The ESA, E3’s organizers and formerly the ISDA, met with demands to scale down the conference. Exhibitors felt it had become difficult to reach their target audience to the overwhelming presence of gaming media. Bloggers and press filled the expo halls, resulting in what felt like diminishing returns.
As a result, 2007 and 2008’s E3s rebranded themselves as the “E3 Media & Business Summit”. Attendance was limited to a relatively small 10,000 people. In a bit of irony, this ended up hurting E3 as media coverage had become severely limited.

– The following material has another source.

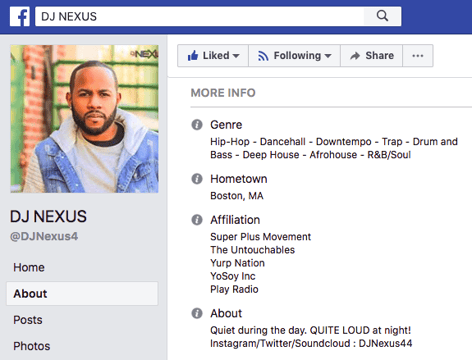DJ Nexus' Facebook Bio Example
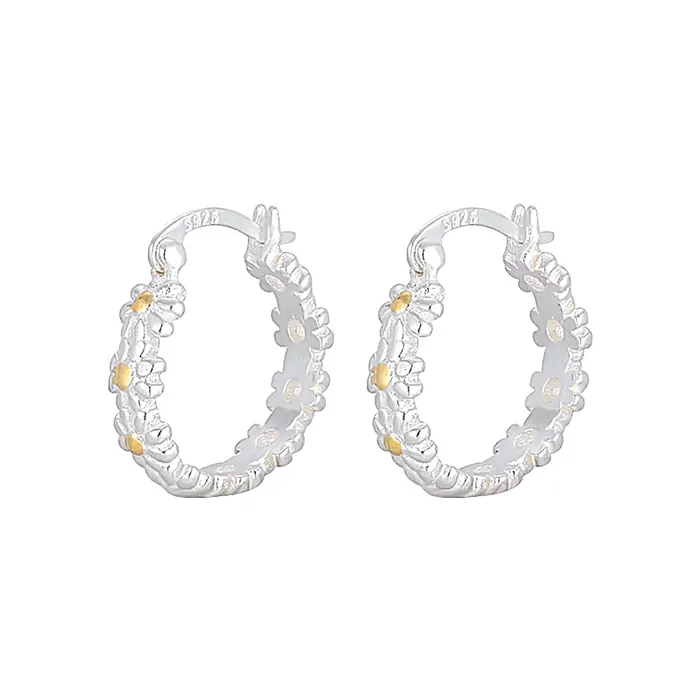 Trendolla Jewelry Earrings 925 Silver Daisy Geometric Huggie Earring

In an effort to reach what they perceived as their “target demographic”, the ESA ended up alienating the majority of their audience. As game industry Michael Pachter put it:
“We think that the traditional 60,000 person trade show may have been too large to manage effectively, but think that the new 3,000 – 5,000 person shows are a terrible disappointment […] We believe that the lower costs for the show were more than offset by the loss of millions of dollars of free publicity, and are hopeful that the ESA restores the audience to a manageable, but spectacular size.” (“E3 is Headed for Extinction” – gamesindustry.biz)
Although E3 had become more manageable, it was on the verge of dying. The logistical nightmare of dozens of thousands of attendees had at this point become a necessity. Bloggers, journalists, and personalities had become the expo’s lifeblood.
2009-2018: Here and Now
It was clear that a smaller attendance pool had ended up hurting E3. For 2009, the expo opened its doors once again to a wider audience of 41,000 attendees. 2010 saw for the first time other presenters joining The Big Three. Ubisoft, Konami, and EA threw their lots in and further expanded E3’s reach. In 2017, E3 opened up its doors to the public for the first time.

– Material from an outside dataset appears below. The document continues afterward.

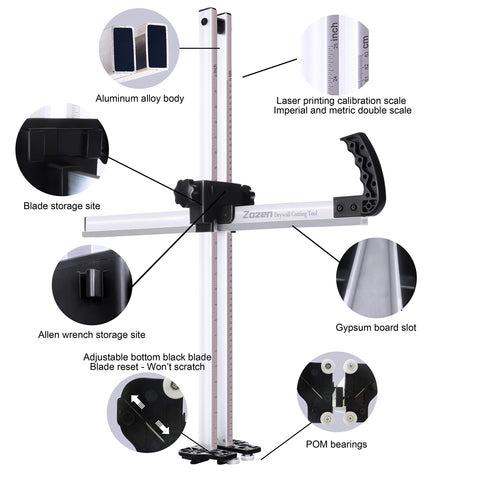 Zozen drywall cutter safety feature with reset blade for safe operation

With streaming services and online platforms growing in popularity, E3’s popularity continued to grow. To some presenters, it became abundantly clear that they’d have to change their approach. In 2013, Nintendo departed from E3 proper and began showcasing their games through “Nintendo Direct’ presentations. Following suite, EA launched their own presentations with “EA Play”.
Over the past few years, E3 has also given indie games increasing coverage. This year alone, big-name publishers like Microsoft and Bethesda featured indies as part of their mainstage lineup. New technologies and demographics add to E3’s ever-growing audience-base.

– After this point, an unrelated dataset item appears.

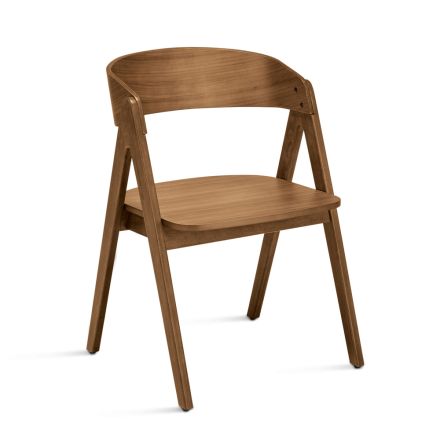Twee stoelen met een houtnerfstructuur en een gebogen rugleuning in twee kleuren - Vesta Viadurini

Another unintended side-effect of the indie game scene is AAA developers tackling Early Access concepts. Games like Rust and PUBG found incredibly widespread audiences. However, many fans have expressed frustration with many aspects of these games, updates, and optimizations to name a couple. It was only a matter of time before AAA companies swooped in to stake their claim.
E3 2018 saw games like Fallout 76 and Battlefield V cashing in on these trends. Many have speculated that with considerably more resources, these unpolished Early Access ideas may have a chance to properly shine.
Despite E3’s history as gaming’s most prestigious event, it continues to present a logistical nightmare. Our own Editor-in-Chief detailed his horrid experience with attending the expo and he’s not alone in these concerns. The ESA plans to expand the venue for better accommodation, but that seems a long time off.
Which begs the question: Is E3 even necessary anymore? Perhaps it’s merely a byproduct of a different era, a time before self-made developers and 24/7 gaming coverage. Whether or not it will adapt to the ever-changing landscape remains to be seen.